_Work order_.
Every line from the one containing "Fabletics White and Black Patterned Polo" through the end of the data is to be copied exactly, and nothing outside that range.

Collected data:
________

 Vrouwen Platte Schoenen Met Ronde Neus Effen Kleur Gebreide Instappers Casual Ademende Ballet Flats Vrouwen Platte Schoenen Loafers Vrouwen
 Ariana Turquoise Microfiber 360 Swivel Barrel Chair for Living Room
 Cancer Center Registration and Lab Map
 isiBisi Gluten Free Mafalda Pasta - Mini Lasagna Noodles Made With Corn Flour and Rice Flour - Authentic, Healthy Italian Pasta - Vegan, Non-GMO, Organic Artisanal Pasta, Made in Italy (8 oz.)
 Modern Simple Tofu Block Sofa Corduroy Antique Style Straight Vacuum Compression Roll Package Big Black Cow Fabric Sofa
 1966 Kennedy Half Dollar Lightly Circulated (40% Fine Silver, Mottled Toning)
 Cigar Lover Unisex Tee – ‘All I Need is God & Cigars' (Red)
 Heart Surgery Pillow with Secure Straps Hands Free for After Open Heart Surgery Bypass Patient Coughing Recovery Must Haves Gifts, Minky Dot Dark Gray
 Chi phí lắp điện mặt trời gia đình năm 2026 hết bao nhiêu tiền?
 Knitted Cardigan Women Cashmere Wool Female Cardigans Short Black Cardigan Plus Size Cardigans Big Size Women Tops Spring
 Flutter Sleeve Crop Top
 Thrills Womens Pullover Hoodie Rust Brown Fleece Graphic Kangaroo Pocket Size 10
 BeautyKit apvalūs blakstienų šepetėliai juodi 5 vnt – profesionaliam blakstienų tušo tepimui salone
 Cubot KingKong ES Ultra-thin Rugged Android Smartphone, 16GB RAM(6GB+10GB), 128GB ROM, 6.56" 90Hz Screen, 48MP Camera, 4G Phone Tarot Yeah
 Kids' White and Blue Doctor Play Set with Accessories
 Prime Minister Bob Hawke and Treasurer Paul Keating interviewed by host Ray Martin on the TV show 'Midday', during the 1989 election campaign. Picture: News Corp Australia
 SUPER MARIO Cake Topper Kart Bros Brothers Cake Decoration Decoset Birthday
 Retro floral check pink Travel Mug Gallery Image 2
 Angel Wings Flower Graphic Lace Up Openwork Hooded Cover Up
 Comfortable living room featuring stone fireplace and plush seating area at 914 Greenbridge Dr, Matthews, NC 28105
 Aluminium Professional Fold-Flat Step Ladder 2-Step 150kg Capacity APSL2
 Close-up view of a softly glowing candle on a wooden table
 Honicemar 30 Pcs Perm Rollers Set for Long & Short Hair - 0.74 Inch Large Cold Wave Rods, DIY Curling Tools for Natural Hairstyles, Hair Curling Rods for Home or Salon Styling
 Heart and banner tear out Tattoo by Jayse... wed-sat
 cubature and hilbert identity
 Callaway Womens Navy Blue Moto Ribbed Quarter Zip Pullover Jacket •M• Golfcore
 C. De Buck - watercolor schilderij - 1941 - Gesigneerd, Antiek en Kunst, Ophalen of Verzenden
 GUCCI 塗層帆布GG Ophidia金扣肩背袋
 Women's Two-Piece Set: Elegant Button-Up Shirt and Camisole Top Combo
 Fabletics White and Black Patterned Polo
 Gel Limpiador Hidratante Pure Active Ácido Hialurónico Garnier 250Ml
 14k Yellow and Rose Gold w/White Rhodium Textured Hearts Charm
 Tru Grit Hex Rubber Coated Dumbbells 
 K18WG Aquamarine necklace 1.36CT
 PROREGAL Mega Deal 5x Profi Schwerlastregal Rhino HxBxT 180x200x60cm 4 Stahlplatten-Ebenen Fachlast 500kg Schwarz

________

_Written response_.
 Fabletics White and Black Patterned Polo
 Gel Limpiador Hidratante Pure Active Ácido Hialurónico Garnier 250Ml
 14k Yellow and Rose Gold w/White Rhodium Textured Hearts Charm
 Tru Grit Hex Rubber Coated Dumbbells 
 K18WG Aquamarine necklace 1.36CT
 PROREGAL Mega Deal 5x Profi Schwerlastregal Rhino HxBxT 180x200x60cm 4 Stahlplatten-Ebenen Fachlast 500kg Schwarz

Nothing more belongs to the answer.